__AIM OF THE TASK__:
With pictures omitted, output the records below exactly as they appear.

(Image-text web data)
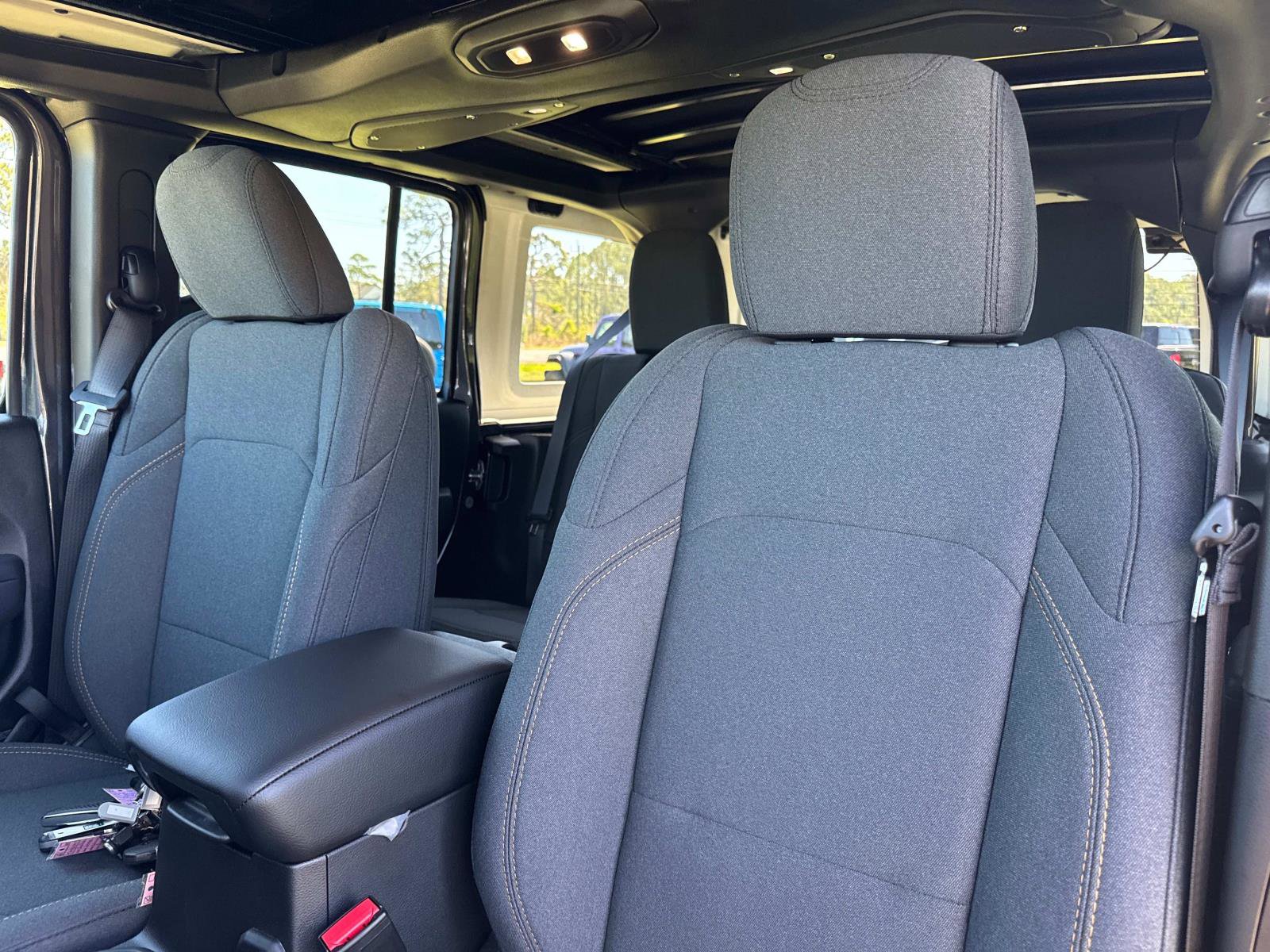 New 2026 Jeep Wrangler Willys image 19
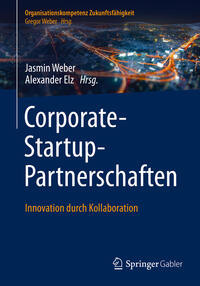 Vorderes Coverbild Corporate-Startup-Partnerschaften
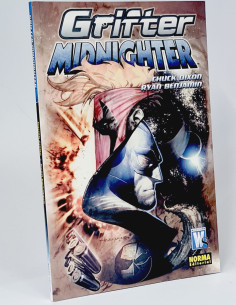 CÓMIC DE KIOSCO GRIFTER MIDNIGHTER WILDSTORM NORMA EDITORIAL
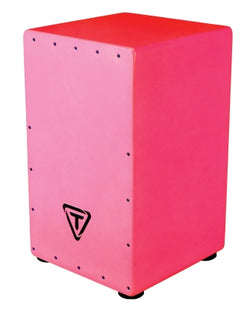 Bold Series Cajon Pack - Pink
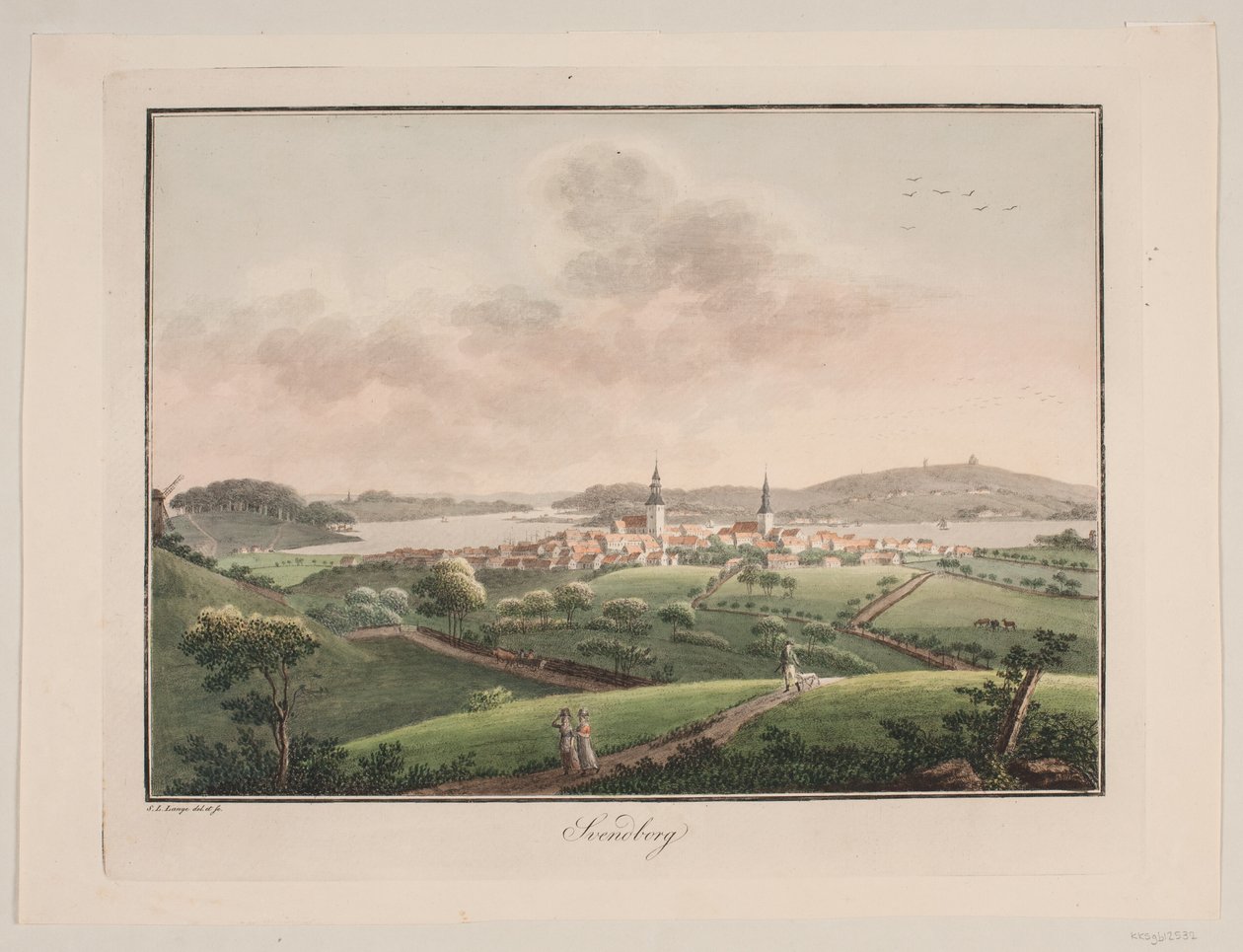 Svendborg av Søren L. Lange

__SOLUTION TO THE PROBLEM__:
 New 2026 Jeep Wrangler Willys image 19
 Vorderes Coverbild Corporate-Startup-Partnerschaften
 CÓMIC DE KIOSCO GRIFTER MIDNIGHTER WILDSTORM NORMA EDITORIAL
 Bold Series Cajon Pack - Pink
 Svendborg av Søren L. Lange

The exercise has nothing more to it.